Americans spend approximately $21 billion dollars on dietary supplements every year – that’s a lot of cash for an industry without regulation and with a bunch of companies using proprietary blends to hide their ingredients from you, their user. Given all of the investment in supplements by the population, it is important for you to know which supplements are unnecessary. Specifically, we’ll cover which ingredients simply aren’t worth your hard-earned cash.

What supplements are unnecessary? The ingredients not worth the hype:

It is not that there is anything wrong with these ingredients – they won’t hurt you – but typically their inclusion in a supplement only drives the cost up and doesn’t amplify the health benefits of the supplement. Whenever you buy a supplement, whether it’s RedLeaf or another product, you want to read the ingredient label and be certain the ingredients will help you toward your goals.

Coconut Sugar

Coconut sugar comes from, you guessed it, coconuts. But not the fruit; coconut sugar is made from the cut flowers of the coconut palms. As you may have also noticed, it is still sugar.

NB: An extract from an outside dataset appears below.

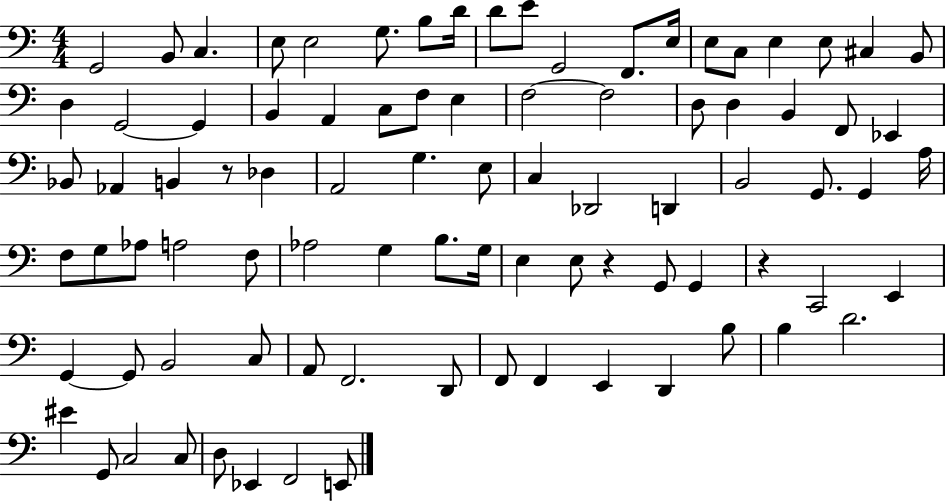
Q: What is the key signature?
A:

Coconut sugar has been marketed as a low-glycemic alternative to regular sugar, but glycemic index of a food is a non-issue. The most common use of coconut sugar is in protein powders. Protein slows down how quickly you absorb nutrients, and brings down the overall glycemic load of your food. Besides, when there is a healthy sugar alternative such as stevia, why would we choose coconut sugar?

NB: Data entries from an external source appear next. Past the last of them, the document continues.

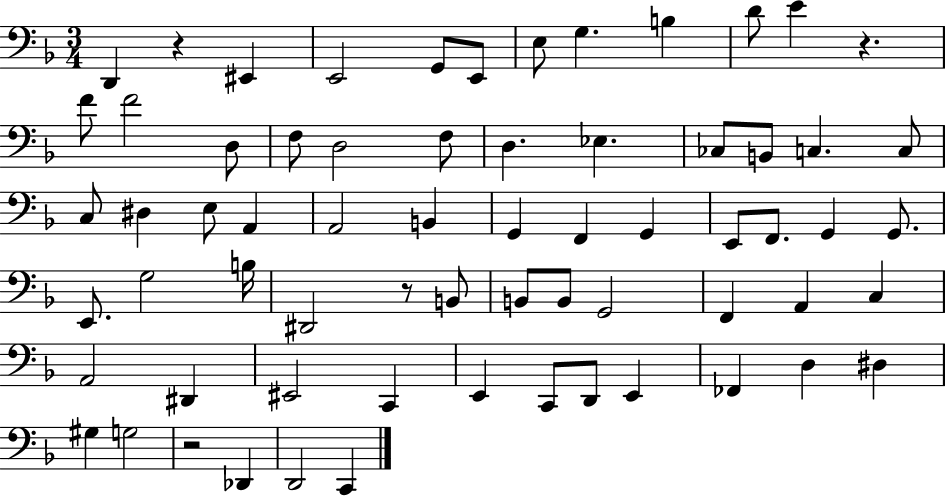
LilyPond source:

{
  \clef bass
  \numericTimeSignature
  \time 3/4
  \key f \major
  \repeat volta 2 { d,4 r4 eis,4 | e,2 g,8 e,8 | e8 g4. b4 | d'8 e'4 r4. | \break f'8 f'2 d8 | f8 d2 f8 | d4. ees4. | ces8 b,8 c4. c8 | \break c8 dis4 e8 a,4 | a,2 b,4 | g,4 f,4 g,4 | e,8 f,8. g,4 g,8. | \break e,8. g2 b16 | dis,2 r8 b,8 | b,8 b,8 g,2 | f,4 a,4 c4 | \break a,2 dis,4 | eis,2 c,4 | e,4 c,8 d,8 e,4 | fes,4 d4 dis4 | \break gis4 g2 | r2 des,4 | d,2 c,4 | } \bar "|."
}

Glutamine has turned into one of those stand-alone supplements which people take because it is popular – not because it works. In a controlled study using two groups, one taking glutamine and one taking a placebo, the glutamine group did not gain in size or strength as compared to the placebo group. When you can’t beat a placebo, you aren’t worth buying.


Okay, this is less of an ingredient and much more of a full product, but multivitamins have simply never been shown to be effective in your supplementation plan. Why is this? Well, first and foremost, your body needs to consume fat along with many of the vitamins found in a multivitamin. That is why a salad dressed or cooked with olive oil is a great choice even though it increases the calories of your salad. Additionally, when you take a multivitamin, it is likely you are going to go well over your needed amount for a few vitamins. All that excess you will lose when you pee. The better option? Find out which nutrients you are deficient in and supplement those appropriately.

Remember to keep an open mind

All of the research points to these ingredients and many others being ineffective for the general population. But you know what is great about science and research? It constantly changes and improves. In the coming years, they may discover that glutamine is actually a great supplement and more people should take it. If that happens, we’ll be changing our tune, for sure, and you should too. Also, an individualized supplement plan is always the way to go and will teach you what supplements are unnecessary for your routine. If you know you need a particular nutrient, search out the purest supplement on the market, and see if it has an impact. We bet it will.